In October 2011 Kano made his acting debut in the Channel 4 drama Top Boy. His character, Sully, was originally written as an Asian drug dealer. Casting director Des Hamilton, director Yann Demange and writer Ronan Bennett were so impressed with his chemistry test with co-star Ashley Walters, causing the character to be rewritten. The original run of the show went for two seasons, before Channel 4 cancelled it in 2014.

On 13 November 2011, Kano announced via Twitter that he would release a mixtape some time that month entitled Girls Over Guns. On 1 January 2012, Kano released a mixtape called Jack Bauer 2.4 as the follow up mixtape to the 2010 edition.
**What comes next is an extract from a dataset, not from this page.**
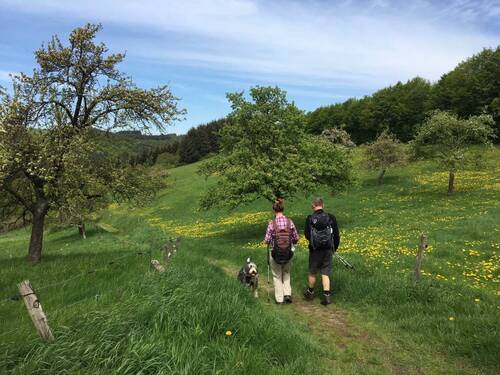 Csm maarblick wanderpaar rund um die maare mit hund sommerwiese b1b00ffe7d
2014–2018: Made in the Manor
On 26 April 2014, Kano released a music video via SB.TV for "Flow of the Year' featuring JME. The following year came his single "Hail" in March 2015 and its B-side "New Banger" released via Noisey in April 2015. This preceded his fifth album Made in the Manor, eventually released in 2016. Promotion for the album began with the single "3 Wheel-Ups" featuring Wiley and Giggs. The song premiered on MistaJam's BBC Radio 1Xtra show on 7 January 2016. It entered the UK Singles Chart at number 126 and the UK R&B Chart at number 16.

The album entered the UK Albums Chart at number 8, becoming Kano's highest-charting album since London Town (2007).

In 2017 it was announced that streaming platform Netflix would be reviving Top Boy, with Kano reprising his role as Sully. The revival was, in part, due to the interest of Canadian rapper Drake, who was a fan of the original series and whose team co-produced the new episodes. The third and fourth series premiered on Netflix in September 2019 and March 2022, respectively. A fifth and final series was announced on 31 March 2022.

2019–present: Hoodies All Summer
On 30 August 2019, Kano's sixth studio album Hoodies All Summer was released following its announcement the month previously. The album would be later shortlisted for the Mercury Prize 2020, the second time in Kano's career. Kano provided vocals again in 2020 for the seventh Gorillaz studio album Song Machine, Season One: Strange Timez, along with Spanish singer Roxani Arias for the song "Dead Butterflies". In October 2020, Kano collaborated with Fraser T. Smith in the production of Smith's debut album "12 Questions".

In March 2022 it was announced that Kano would play the lead role in The Kitchen, a dystopian thriller for Netflix co-written and produced by British actor Daniel Kaluuya.

Awards and achievements
He was voted Best Newcomer award in 2004 at the Urban Music Awards and then in 2005, Kano was nominated for 4 MOBO (Music of Black Origin) Awards, winning the award for Best Newcomer. He also won an award at the first Channel U "Best of British" Awards. On New Year's Eve 2005, Kano was announced as one of "London's Heroes of 2005" by Mayor of London Ken Livingstone. He was also nominated for a BRIT Award for Best Urban Act in January 2006. In 2016 Kano's album Made in the Manor was nominated for the Mercury Music Award. Made in the Manor also won 'Best Album' in the 2016 MOBO awards. He was nominated for a second Mercury Music Award for his 6th Studio album Hoodies All Summer.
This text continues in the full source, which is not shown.